Nowadays, most people prefer hardwood stairs. A lot of the durability and resilience can be attributed to this standard wood since many different types are available for you to choose from. Which means there will always be a perfect match. In this article discover what kind of sander do I need to sand stairs on your next home improvement project.
Plus with color options, such as an array of stain colors from light browns all-the way up through deep reds; these staircases have been designed so that every homeowner has their ideal choice.
Most homeowners want something more customized than just some generic white risers against black railings around each newel post.
There really isn’t anything special about sanding those old stairs. You may want to sand down these beautiful pieces in order make them more appealing, but an upright floor sander isn’t possible due to access limitations.
The hand-held random orbital power sander is the best choice for removing wood on stairs because it minimizes cross-grain sanding scratches. A flat spin disk revolves while you hold onto an upright handle, which makes circular revolution motions when turned on.
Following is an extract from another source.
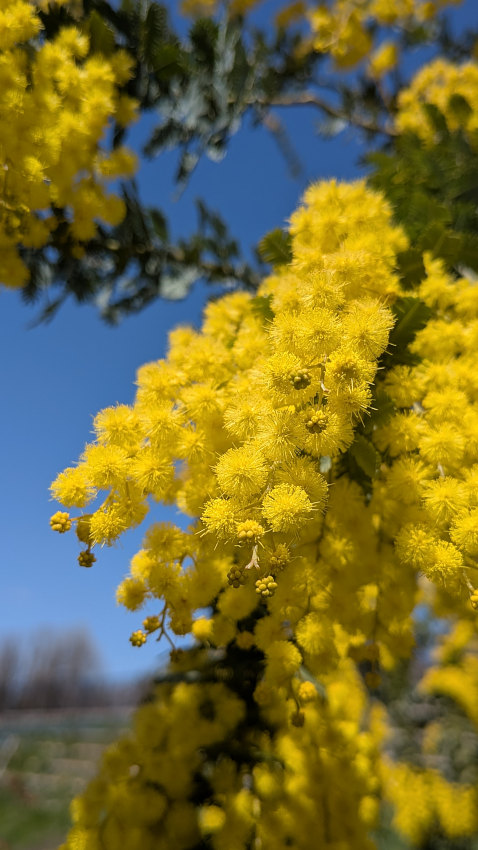 ミモザ (セイヨウアカシア) 20260311-mimoza-02.jpg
You can use a palm sander on your hardwood stairs to achieve a nice surface for finishing. The rapid circular vibrations from this tool will smooth out any rough edges while achieving uniformity across all steps. Smoothing the rough edges help to reduce risk of cracks occurring during wear-and-tear over time.
One of the best tools to have in your arsenal for stain removal is a manual sanding sponge.
These flexible sponges feature an outer coating that’s designed specifically with different grits, and some come equipped with angled ends which allow you extra reach when working around tight spaces or getting into corners easily.
You may also use a small contour sander with a triangular sanding pad, although it won’t reach some tight spots as well as a sponge sander will.
The sander you use to remove old finishes and prepare for refinishing your hardwood stairs is only as good as the sandpaper grit size. 80-grit disks are used in initial stages, while 120 or higher grades provide more intense cleaning before staining begins.
Bearing this information mind – make sure to always wear eye protection when using power tools because particles can fly off at any time.
After your wood is properly prepped and stained, it’s time for the final step.
Lightly sand down any raised grain with 120-grit paper before moving onto finer grits like 220 or 400 to bring up highlights in color that may be lost when using higher numbers of course grades.
After staining all surfaces – all sanding is done by hand with a sponge sander.
Polishing the stairs is a beautiful final step. Polyurethane or varnish will give you that flawless look, with just one more coat to go before they’re finished.
Sanding between coats might seem like an annoying task but trust me-it’s worth it. Your wood surfaces have no flaws at all on them.
You will more than likely use a variety of sanding methods on your stairs to handle the large surfaces and to reach the small details areas. In the end you will be happy that you did the work yourself.
Dave is a DIY enthusiast, blogger and ecommerce entrepreneur. He created this website with an intention to reach out to people and guide them to make the best choices to deliver free extensive DIY home-improvement content.